Plaintiffs satisfied the “relatedness” prong because they essentially alleged that Defendants engaged in “criminal acts that have the same or similar purposes, results, participants, victims, or methods of commission, or otherwise are interrelated by distinguishing characteristics and are not isolated events.”

In regards to continuity, Plaintiffs adequately alleged close-ended continuity as these were continuous acts occurring over a substantial period of time, i.e., at least eleven (11) years. Plaintiffs also adequately alleged that the pattern of racketeering activity constituted “open-ended” continuity based upon a threat of continuing racketeering activity because the predicate activity constituted the regular way Defendants did business. Because such criminal conduct was part of the regular way Pickell, Hope, and C. Hope did business it gives rise to the inference that such offenses will continue indefinitely if not interrupted.
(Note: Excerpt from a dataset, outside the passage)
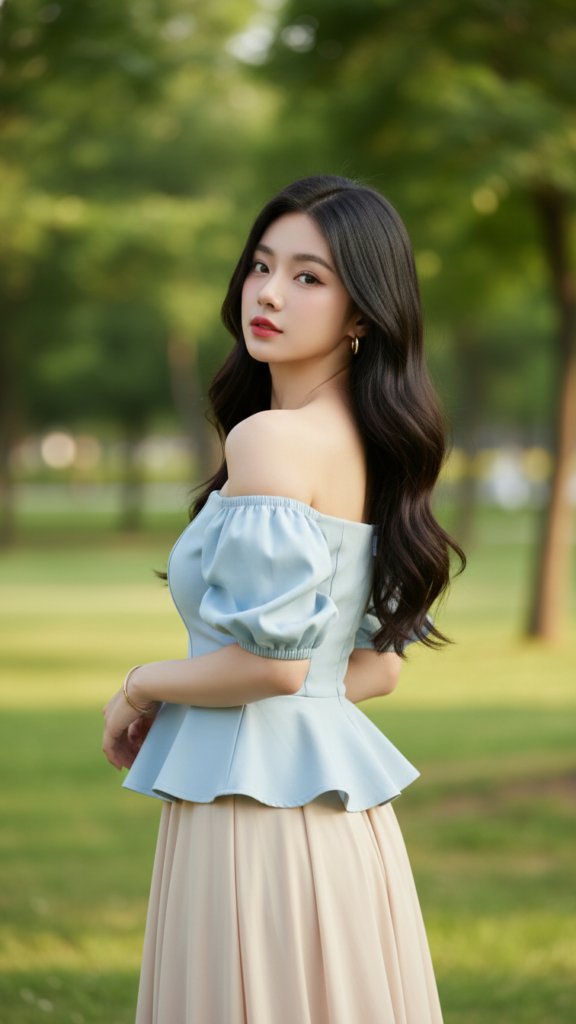 Chân dung cô gái trẻ tự tin giữa thiên nhiên rực rỡ và phong cách tinh tế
Hope and C. Hope continue to maintain the exclusive right to process serving in the County and continue their close relationships with County officials, including Defendant Pickell.

Furthermore, Plaintiffs allege that the continuous acts will continue indefinitely because Defendants “continue to maintain the exclusive right to process serving in the County and continue their close relationships with County officials, including Defendant Pickell.

Thus, the court ruled that Plaintiffs have pled sufficient facts in support of their civil RICO claim to survive a motion to dismiss. Accordingly, amendment would not be “futile.”

The court also found the amendment would not unduly prejudice the defendants. Undue prejudice is often found when the delay in amending the pleadings is unexplained, unjustified, and the case has already reached an advanced stage of litigation, which is not the case here. The court stated that no undue prejudice exists from amended pleadings simply because the opposing party would have to defend against new or better pleaded claims.

Ed Note: This ruling effectively forecloses any motion to dismiss by Defendants.  This is an important case which shows that public corruption is clearly within the realm of civil RICO actions.